Newburg is an unincorporated community located in Comanche County, in the U.S. state of Texas. According to the Handbook of Texas, the community had a population of 35 in 2000.

History
The area in what is known as Newburg today was first settled in December 1854. It was originally known as South Leon for the southern Leon River. The community's local Baptist church was organized in July 1872. Its membership reached 48 members in 1875, with the first grave being placed in the community's cemetery that year. The congregation moved to another church building near the cemetery shortly after. A post office was established at Newburg in 1883 and remained in operation until 1908. It originally had the name Lee for local settler Add Lee and was changed to Newburg at his request the year after it opened. Newburg's population was 18 in 1890 and had a general store that same year.

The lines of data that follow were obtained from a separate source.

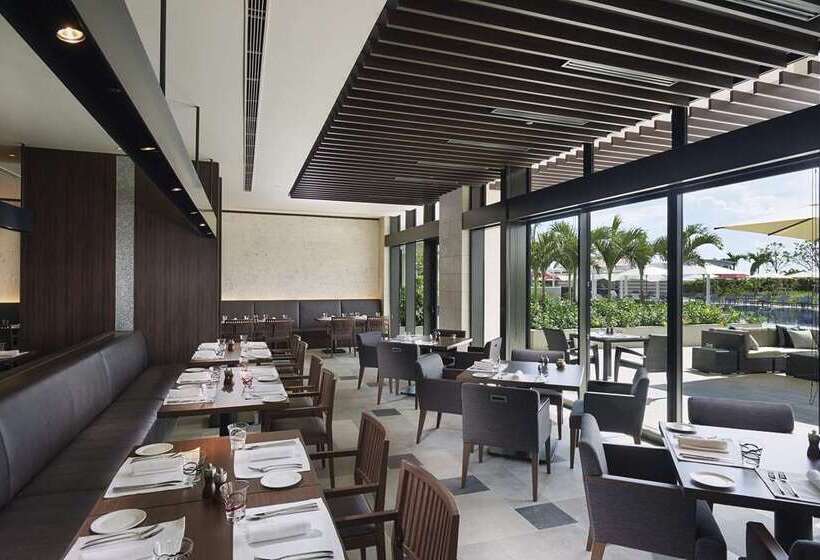 Hilton Okinawa Chatan Resort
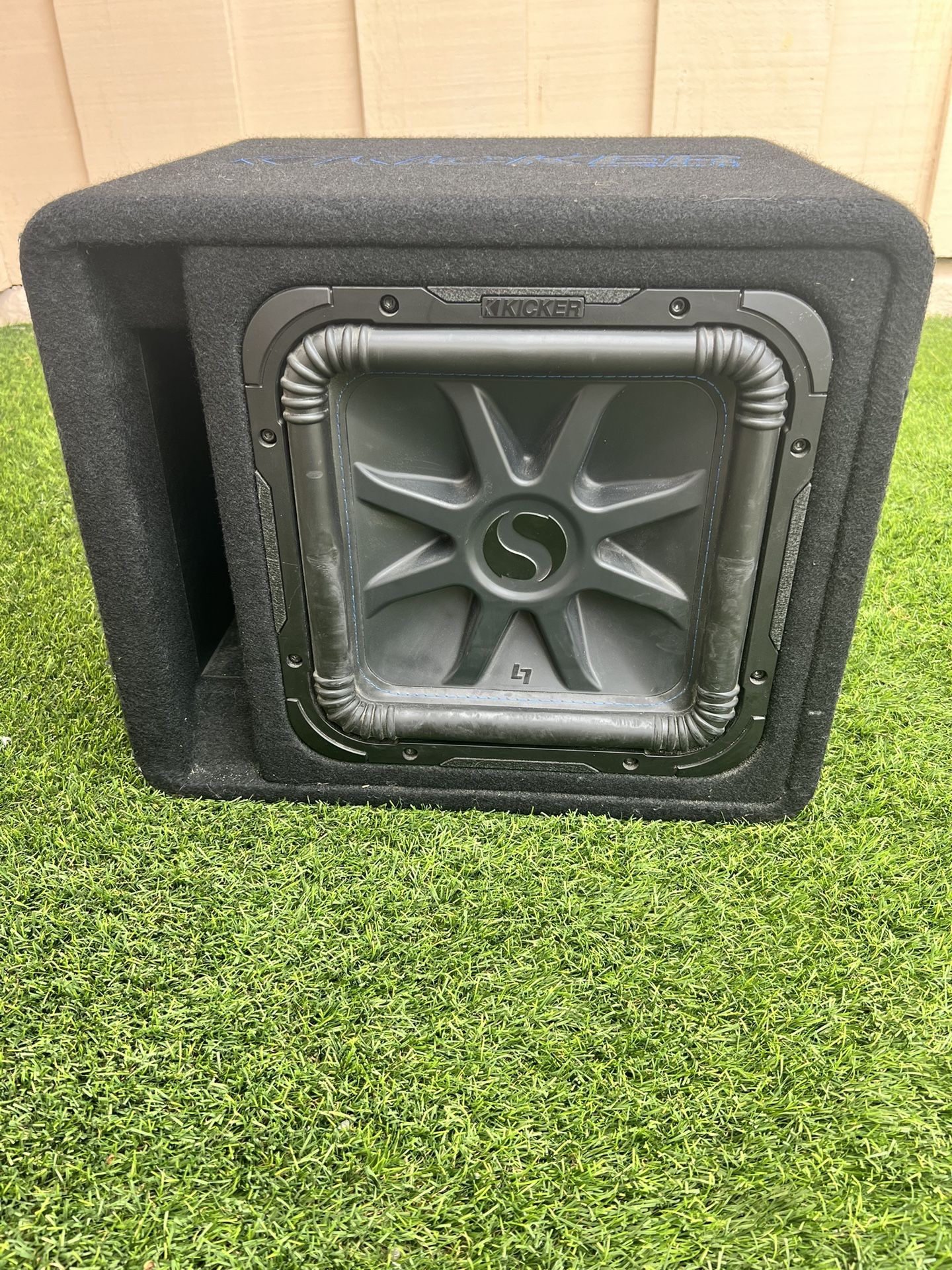 L7 Kicker 12” Subwoofer 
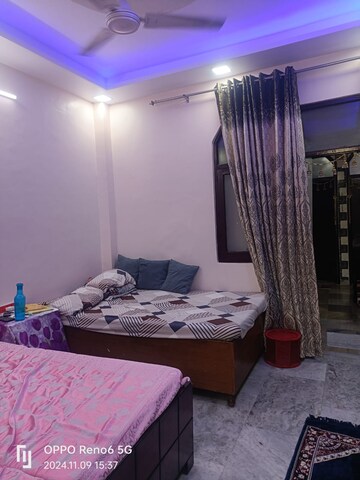 Bedroom in 3 BHK Builder Floor at Shastri Nagar – for Sale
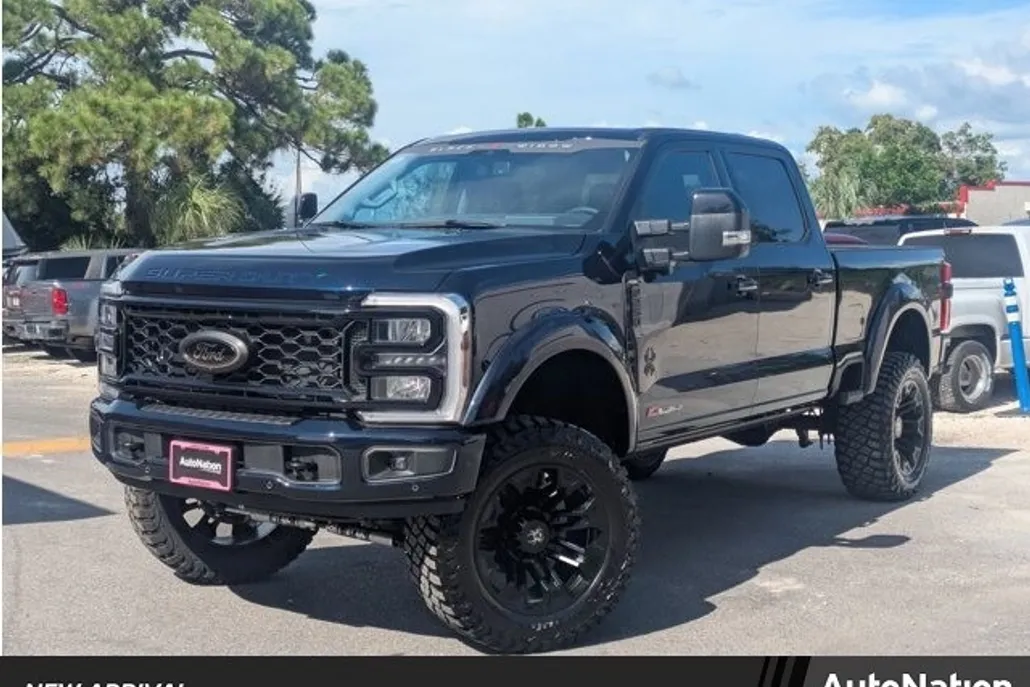 2025 Ford F-250 Lariat photo 1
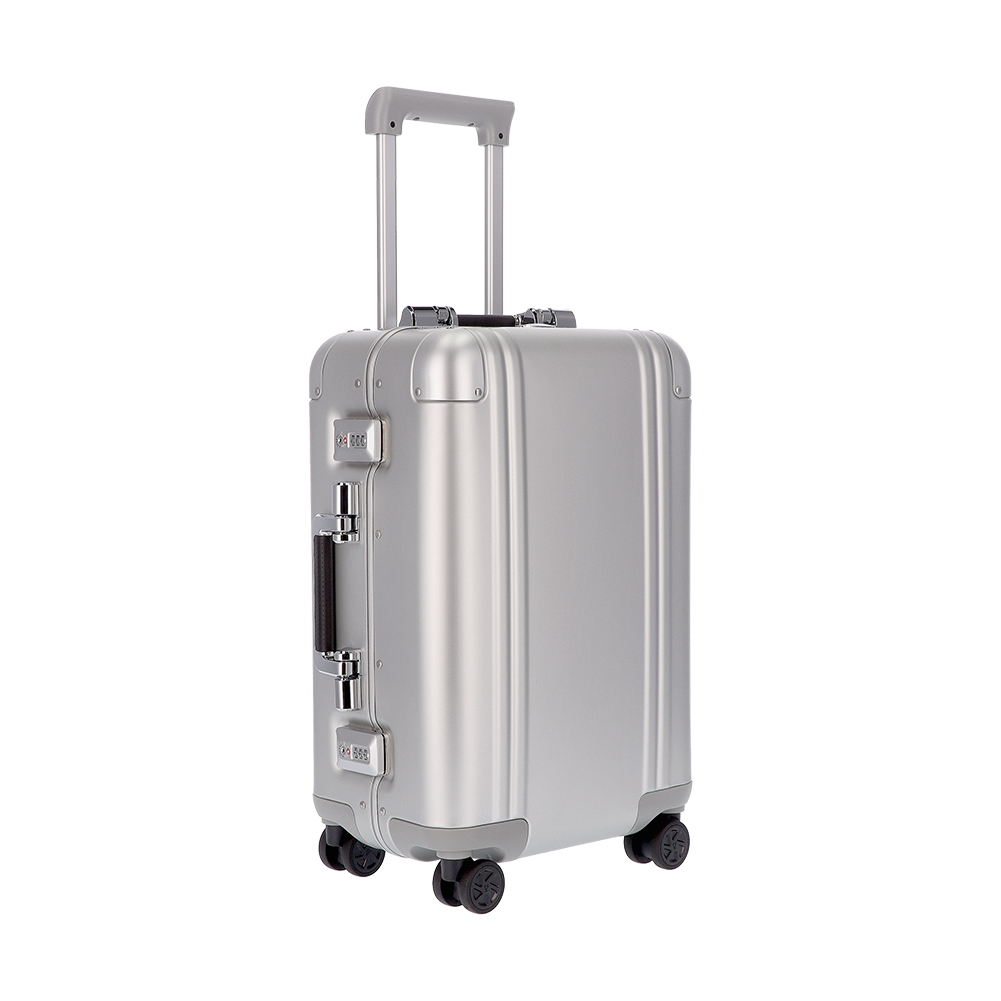 ZERO HALLIBURTON（ゼロハリバートン） 月初限定ポイントUP 【並行輸入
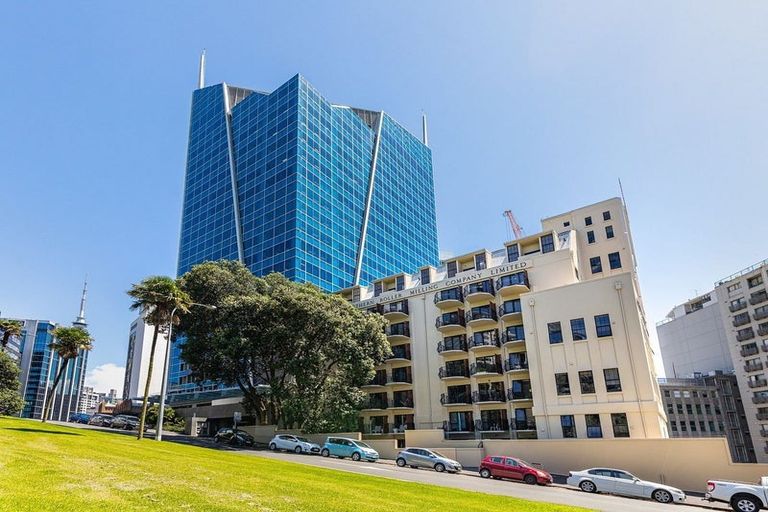 Photo of property in 23 Emily Place, Bellevue, Tauranga, 3110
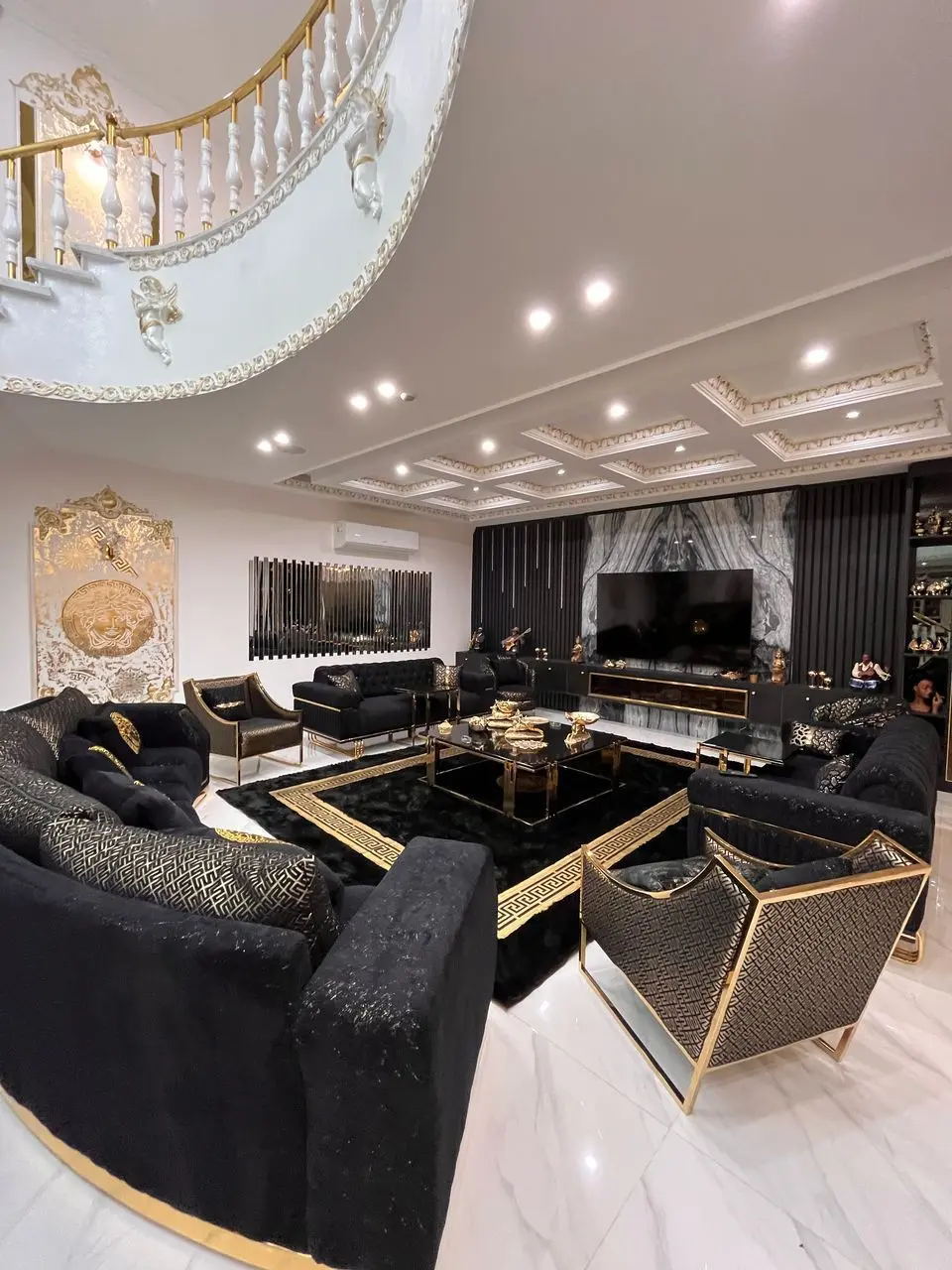 عمارت فوق لوکس با استخر چهار فصل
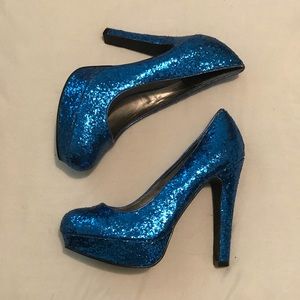 Blue sparkle Guess pumps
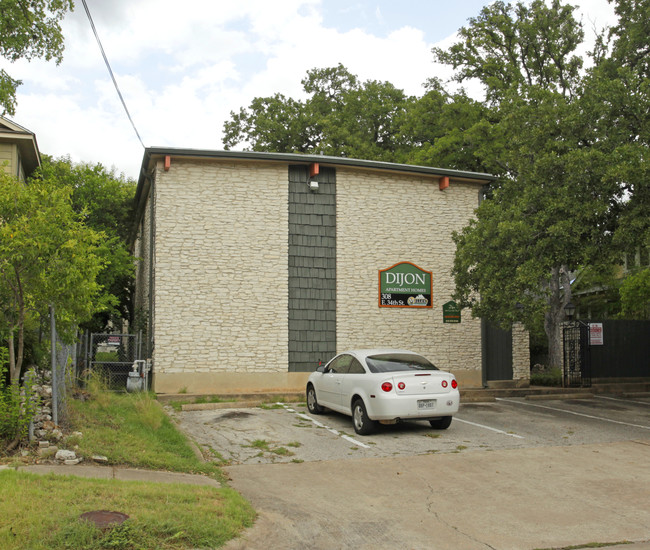 DIJON Apartment Homes in Austin, TX - Foto de edificio - Building Photo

It gained a blacksmith shop, a cotton gin, and a gristmill six years later. Another Baptist church was built in 1906 and remained in the community in the 1990s. Its population was reported as 74 in 1936. The church and the cemetery were still in the community in 1940, along with one business and several scattered houses. Its population remained at 74 until it went down to 35 through 2000.

Geography
Newburg is located at the intersection of Farm to Market Roads 2561 and 1476 off Texas State Highway 16, some  south of Comanche in southern Comanche County.

Education
A building made of logs was used as the first school in the community in 1896. The local Baptist church met at the schoolhouse each year. The church near the cemetery was also used as a school. It had 101 students and four teachers in 1937 and continued to operate in 1940. It then joined with the Comanche Independent School District in the 1950s. The community continues to be served by the Comanche ISD to this day.